Salt (cryptography)
In cryptography, a salt is a random string of data that is used to augment a password or passphrase before it is hashed. The primary purpose of a salt is to defend against dictionary attacks, rainbow table attacks, and other precomputation attacks where an attacker pre-calculates hashes for a large number of common passwords.
When a user creates a password, the system generates a unique, random salt specifically for that password. This salt is then concatenated with the password (either before or after), and the combined string is then passed through a cryptographic hash function. The resulting hash, along with the salt itself, is stored in the system's password database.
The crucial aspect of a salt is that it is unique for each password. Even if two users choose the same password, the use of unique salts will result in different hash values. This prevents an attacker from being able to use precomputed hash tables (like rainbow tables) to quickly identify common passwords. If the same salt were used for multiple passwords, an attacker could compromise all passwords with that salt once a single one is cracked.

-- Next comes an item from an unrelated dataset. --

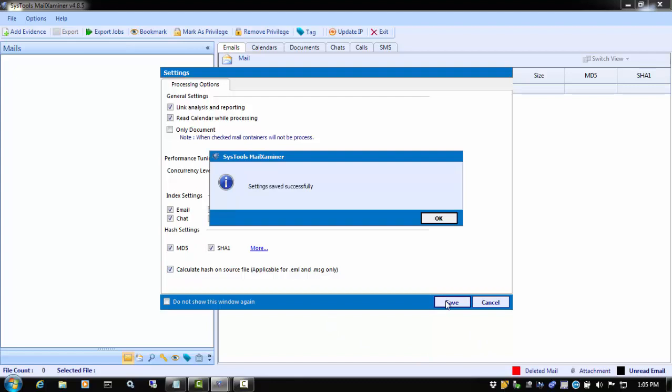This concludes this SysTools Mail Examiner Features and Functionality video. For more information, please visit www.mailexaminers.com. Thank you for watching.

When a user attempts to authenticate, the system retrieves the stored salt associated with their account. The entered password is then concatenated with this salt, hashed using the same hash function used during password creation, and the resulting hash is compared to the stored hash value. If the two hashes match, the authentication is successful.
The security provided by a salt depends on several factors, including the length of the salt, the randomness of the salt generation process, and the strength of the hashing algorithm used. Longer and more random salts provide better protection against attacks. Generally, salts should be at least 16 bytes (128 bits) in length and generated using a cryptographically secure pseudorandom number generator (CSPRNG).
Using salts in conjunction with password hashing is considered a best practice for password security and is an essential component of modern authentication systems.